Entries taken from a collection
-=-=-

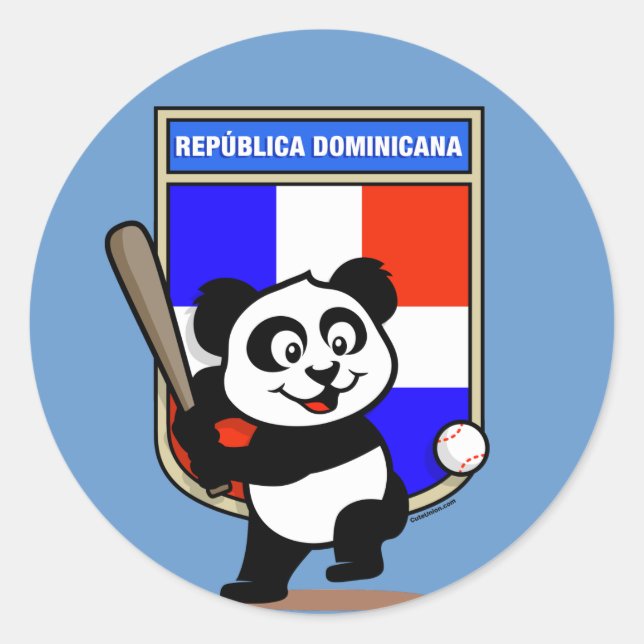 Adesivo República Dominicana Baseball Panda (Frente)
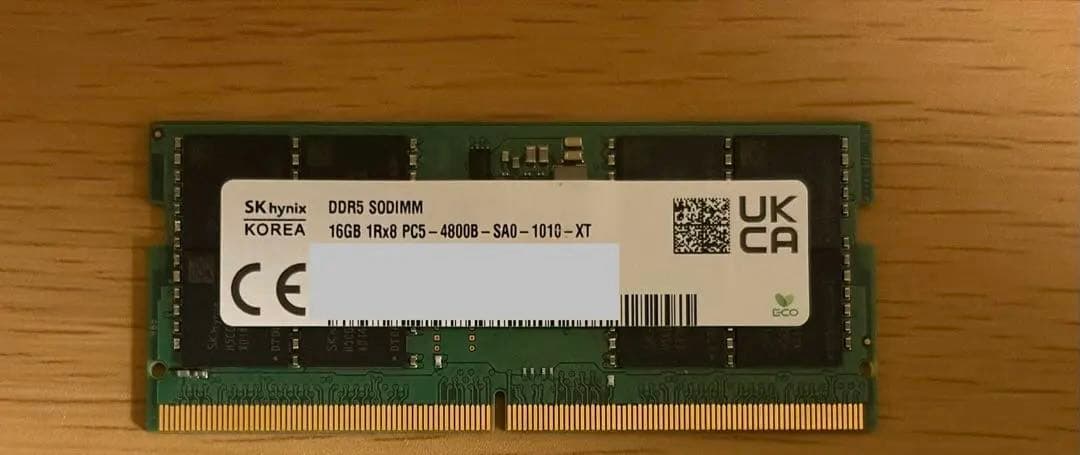 a*6様 SODIMM DDR5 SKhynix 16GB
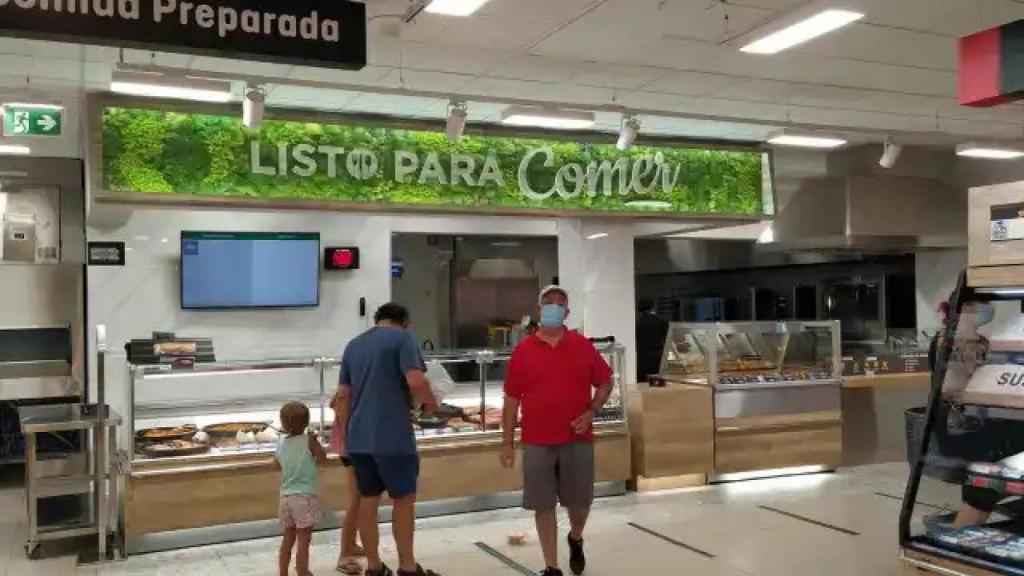Sección de comida preparada.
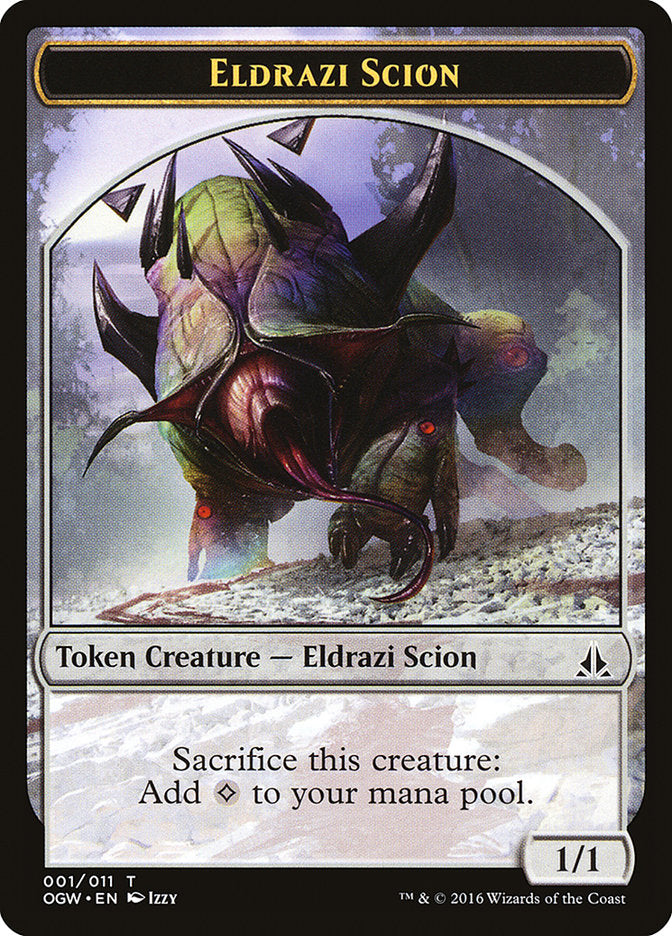 Jeton Scion éldrazi (001/011) [Jetons d'Oath of the Gatewatch]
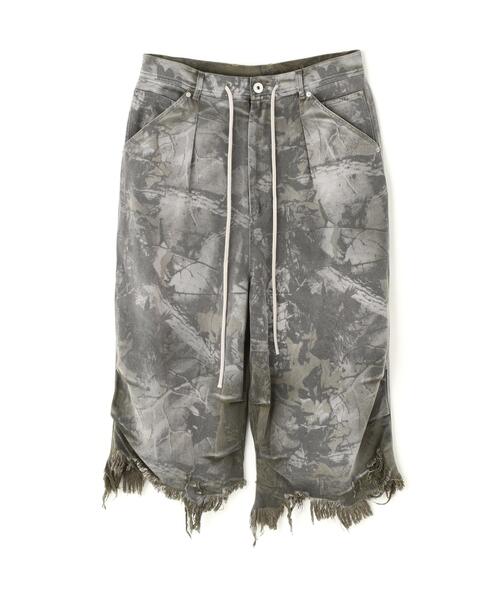 DANKE SCHON(ダンケシェーン)の「DankeSchon/ダンケシェーン/REAL TREE CAMO CUTOFF CARGO SHORTS(カーゴパンツ・レディース・グレー/オリーブ系・L/M)」の2枚目の写真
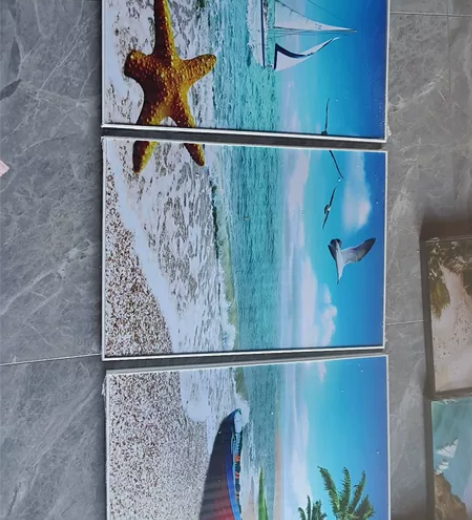 现代简约客厅沙发背景墙装饰画壁画墙画卧室餐...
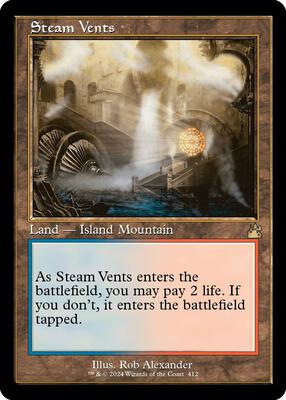 Steam Vents (Retro Frame) card from Ravnica Remastered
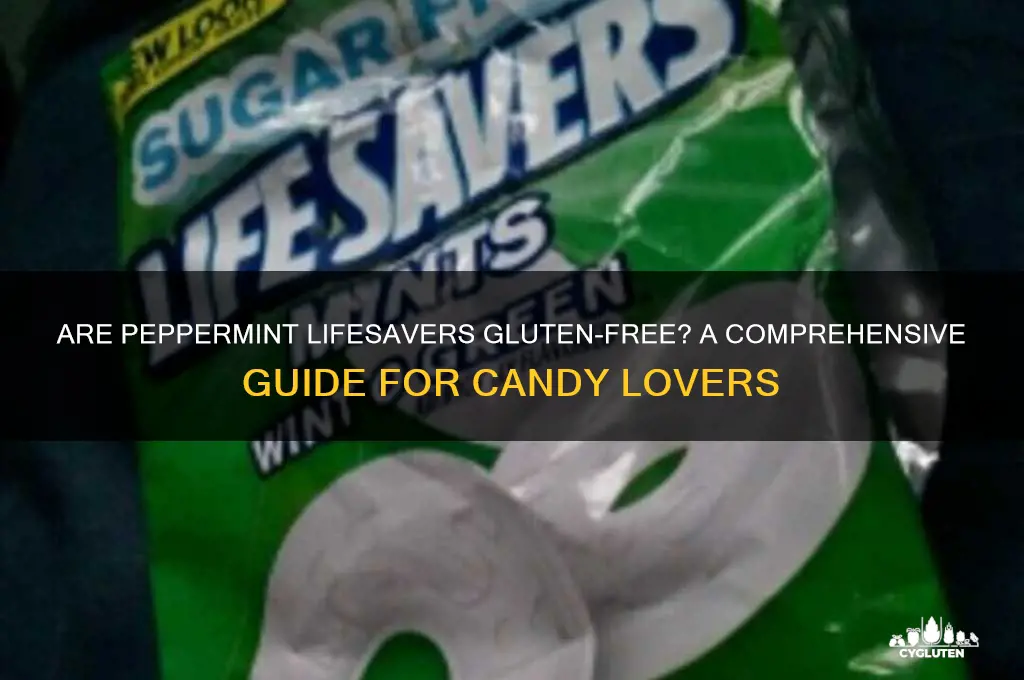 are peppermint lifesavers gluten free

-=-=-

▶ _Required work_: Every record must be transcribed faithfully, with no picture carried over.

▶ _Your solution_:
 Adesivo República Dominicana Baseball Panda (Frente)
 a*6様 SODIMM DDR5 SKhynix 16GB
Sección de comida preparada.
 Jeton Scion éldrazi (001/011) [Jetons d'Oath of the Gatewatch]
 DANKE SCHON(ダンケシェーン)の「DankeSchon/ダンケシェーン/REAL TREE CAMO CUTOFF CARGO SHORTS(カーゴパンツ・レディース・グレー/オリーブ系・L/M)」の2枚目の写真
 现代简约客厅沙发背景墙装饰画壁画墙画卧室餐...
 Steam Vents (Retro Frame) card from Ravnica Remastered
 are peppermint lifesavers gluten free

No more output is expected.